5 questions with Jim Gavens: JCPenney men's wear salesman has seen a lot of changes

mrice@ledger-enquirer.comNovember 10, 2013 

You've been selling men's clothing at JCPenney for 24 years. How have styles changed during that time?

The size of coat lapels increased and decreased in width, windowpane and stripe suits have come and gone (width and type), pleated pants also have come and gone. Today's trend seems to be fitted suits with flat pants, no cuffs for the 40 and under group. Additionally, there is a create-your-own look, that seems to prevail as to color, fit and textures for the occasion someone is dressing for.

How can folks be smarter shoppers?

Customers need to take their time, try not to wait to the last minute to make a purchase. Many mistakes are made when purchasing in a hurry. If you do not know much about selecting the right clothing, shop at a business where associates know materials and style, and whether or not it is appropriate for the occasion. Compare shop, look at materials used in clothing. For example, 100 percent worsted wool is usually an indicator of higher quality of material. The more natural fiber content verses polyester/rayon is the mark for a better suit or sport coat.

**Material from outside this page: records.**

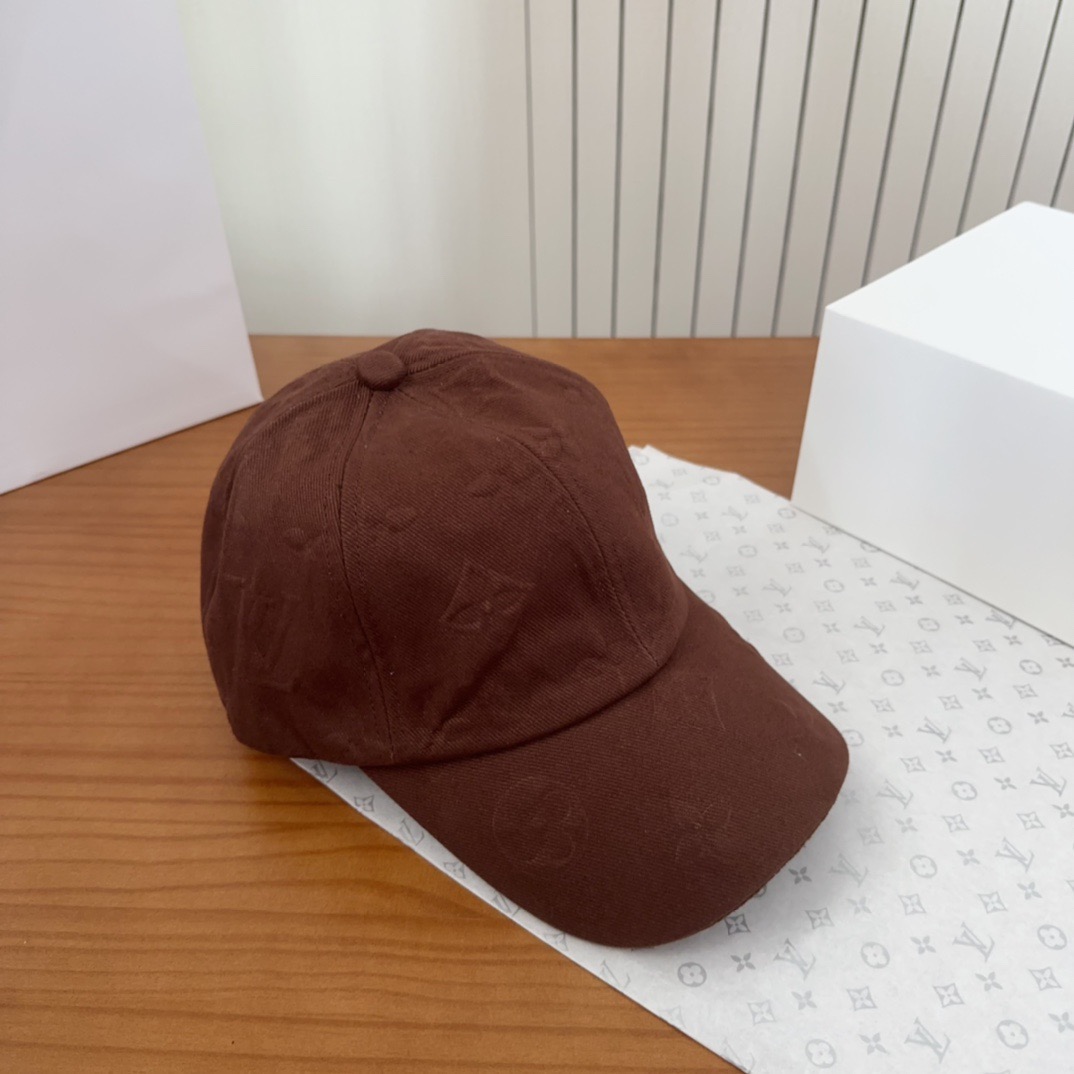 路易威登棒球帽LouisVuitton👒😍新款LV棒球帽，重工打造♥完美刺绣，高端大气，百搭款🤗男女通用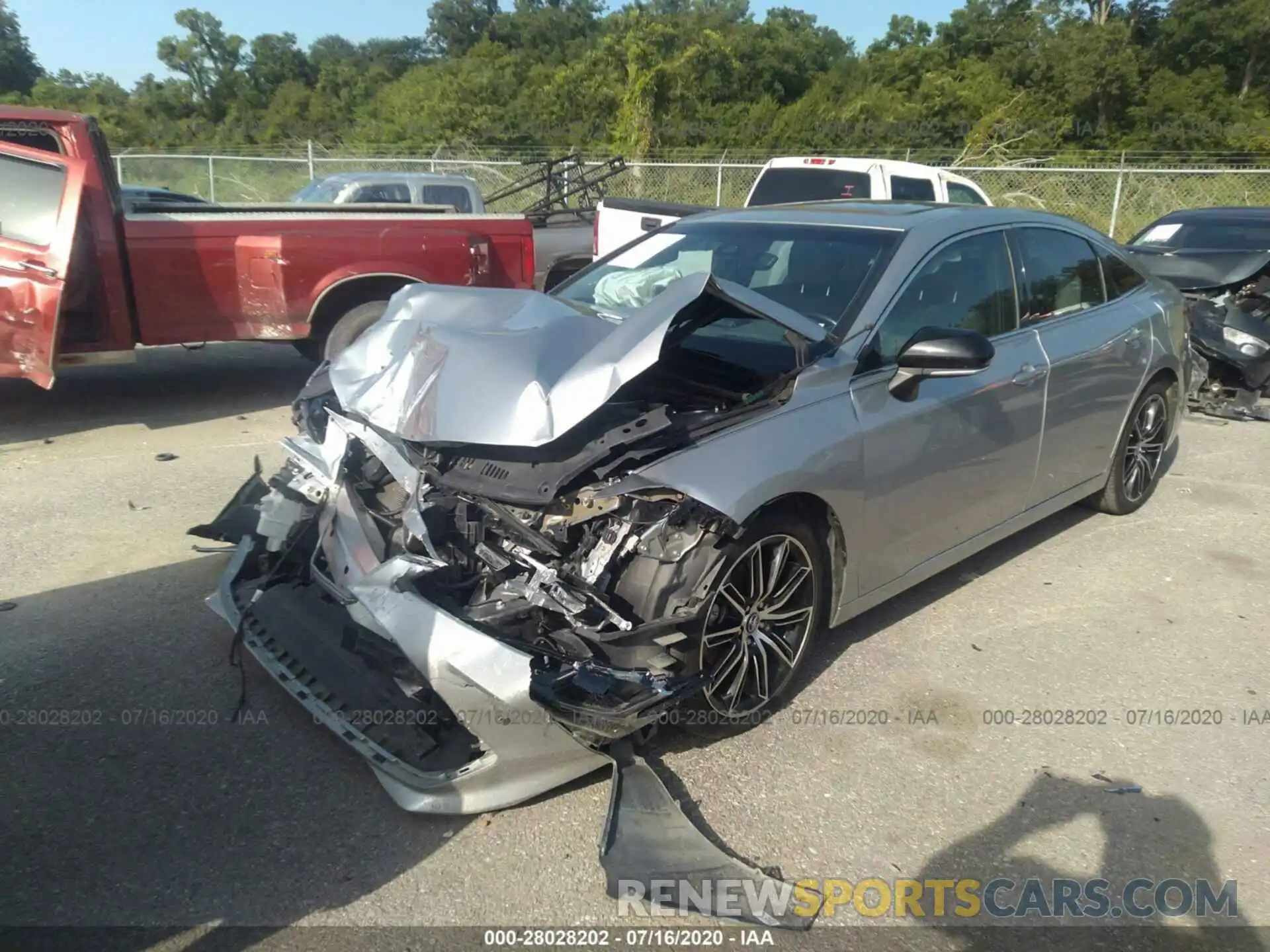 2 Photograph of a damaged car 4T1BZ1FB6KU003327 TOYOTA AVALON 2019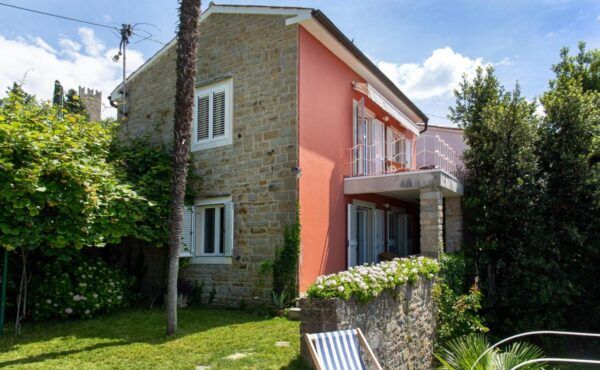 Mediterranean Villa with an Amazing View and a Pool by Loft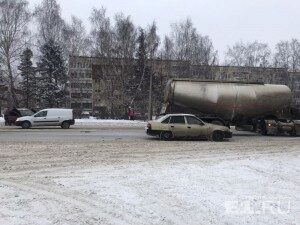 В Екатеринбурге столкнулись Renault Logan и цементовоз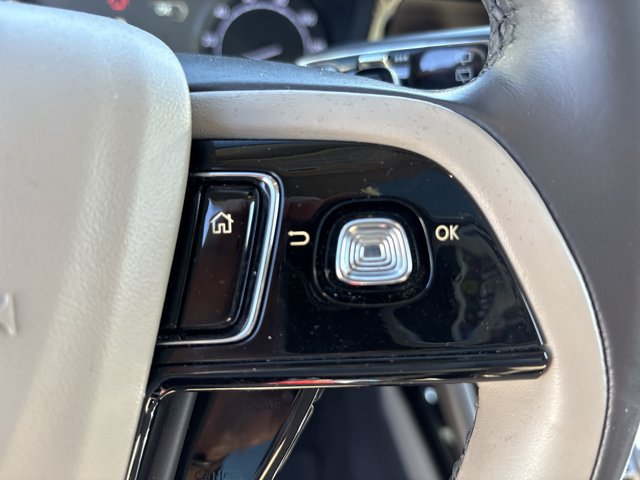 Used 2020 Lincoln Corsair Reserve w/ Appearance Package FWD image 22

What is the most memorable experience you have had while serving a customer?

One evening at JCPenney at Columbus Square (early 1980s), I was asked to cover the major appliance and electronics department. A while later, an angry customer came in with a microwave oven, slammed it on the desk and loudly demanded his money back as the microwave was defective. I asked him what was wrong with it, and he told me that he could not get it to cook for 120 seconds. It just would not do it. I told him 120 seconds is 2 minutes. He looked surprised, grabbed his microwave and left as abruptly as he came. This goes back to what I spoke of earlier -- not being so much in a hurry and making snap decisions or choices.

You are also a Columbus native and have been working at Peachtree Mall for many years. How have you seen the city and mall change?

Columbus has become much more diversified since the late 1970s, when I first started working retail. The shops in the mall and around town have reflected that. There are more places to shop and dine than there were in the 1970s, when Peachtree was built and I started working at Columbus Square Mall. Over the years, many new chain businesses moved in, and local businesses either moved north or went away. When Peachtree opened, there were local, upscale businesses: Tillman's, Jan's Town and Country, Colony Men's Shop, Kiddie Shoppe/Warren's, to name a few. Some businesses continued to move north to the new shopping complex; others went away.

What's the best-kept secret in the Chattahoochee Valley?

Customer service. Customers tell me it is a vanishing art, that it is getting more difficult to find experienced salespeople that are willing to help the customer. I hear this at least several times a week: A customer goes into a store, looking at suits, sport coats, slacks or dress shirts, and there is no one there that can help them and how glad they are to come here to get the service and help they needed.